Having disclosed several embodiments, it will be recognized by those of skill in the art that various modifications, alternative constructions, and equivalents may be used without departing from the spirit of the embodiments. Additionally, a number of well-known processes and elements have not been described in order to avoid unnecessarily obscuring the present invention. Accordingly, the above description should not be taken as limiting the scope of the present invention or claims.
Where a range of values is provided, it is understood that each intervening value, to the smallest fraction of the unit of the lower limit, unless the context clearly dictates otherwise, between the upper and lower limits of that range is also specifically disclosed. Any narrower range between any stated values or unstated intervening values in a stated range and any other stated or intervening value in that stated range is encompassed. The upper and lower limits of those smaller ranges may independently be included or excluded in the range, and each range where either, neither, or both limits are included in the smaller ranges is also encompassed within the present invention, subject to any specifically excluded limit in the stated range.
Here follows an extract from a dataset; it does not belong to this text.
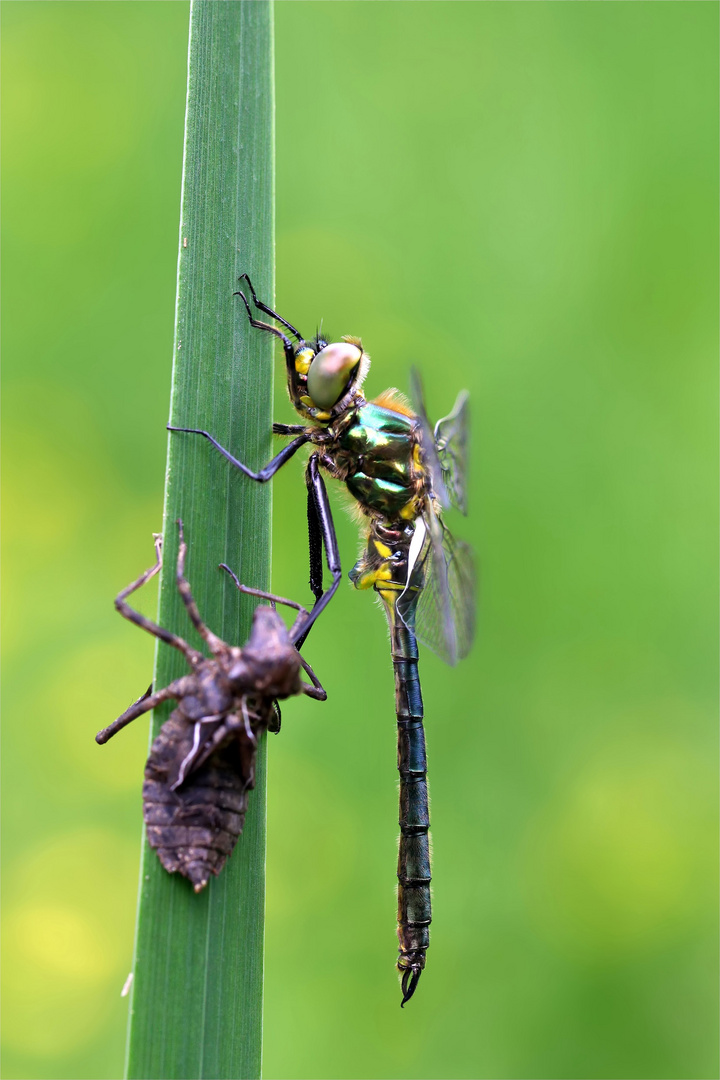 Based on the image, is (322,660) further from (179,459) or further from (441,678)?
(179,459)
Where the stated range includes one or both of the limits, ranges excluding either or both of those included limits are also included.
As used herein and in the appended claims, the singular forms “a”, “an”, and “the” include plural references unless the context clearly dictates otherwise. Thus, for example, reference to “a filter” includes a plurality of such filters, and reference to “the support member” includes reference to one or more support members and equivalents thereof known to those skilled in the art, and so forth.
Also, the words “comprise,” “comprising,” “contains,” “containing,” “include,” “including,” and “includes,” when used in this specification and in the following claims, are intended to specify the presence of stated features, integers, components, or steps, but they do not preclude the presence or addition of one or more other features, integers, components, steps, acts, or groups.